Search papers, labs, and topics across Lattice.
This paper reformulates perceptual reconstruction in rate-distortion theory as recovering a sample within a synonymous set (synset) associated with the source, rather than the source itself. They establish a synonymous variational inference (SVI) framework with a synonymous variational lower bound (SVLBO) for synset-oriented compression. The work proves a synonymous RDP tradeoff, showing that the distributional divergence term in RDP arises naturally from the synset-based reconstruction objective, thus providing a theoretical justification for the RDP framework.
Distributional divergence terms in Rate-Distortion-Perception theory, often used as a modeling principle, now have a theoretical justification rooted in synonymous sets.

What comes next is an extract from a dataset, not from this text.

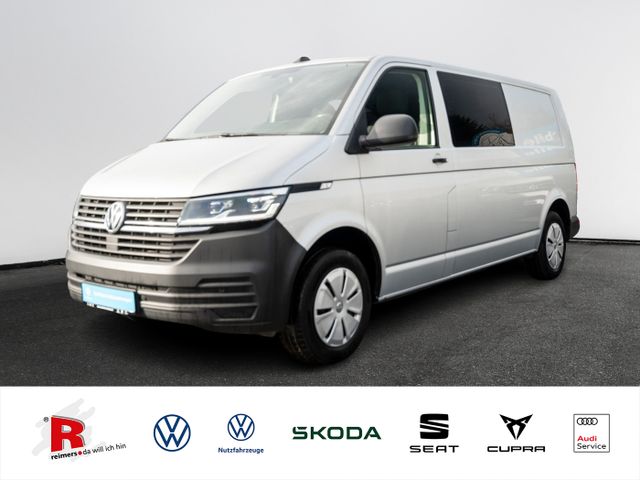 Volkswagen T6.1 Kombi LR DSG+LED+NAVI+AHK+STANDH+2-3-0 STH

The fundamental limit of natural signal compression has traditionally been characterized by classical rate-distortion (RD) theory through the tradeoff between coding rate and reconstruction distortion, while the rate-distortion-perception (RDP) framework introduces a divergence-based measure of perceptual quality as a modeling principle rather than a theoretically-derived principle, leaving its theoretical origin unclear. In this paper, motivated by a synonymity-based semantic information perspective, we reformulate perceptual reconstruction as recovering any admissible sample within an ideal synonymous set (synset) associated with the source, rather than the source sample itself, and correspondingly establish a synonymous source coding architecture. On this basis, we develop a synonymous variational inference (SVI) analysis framework with a synonymous variational lower bound (SVLBO) for tractable analysis of synset-oriented compression. Within this framework, we establish a synonymity-perception consistency principle, showing that optimal identification of semantic information is theoretically consistent with perceptual optimization. Based on its derivation result, we prove a synonymous RDP tradeoff for the proposed synonymous source coding. These analytical results show that the distributional divergence term arises naturally from the synset-based reconstruction objective, clarify its compatibility with existing RDP formulations and classical RD theory, and suggest the potential advantages of synonymous source coding.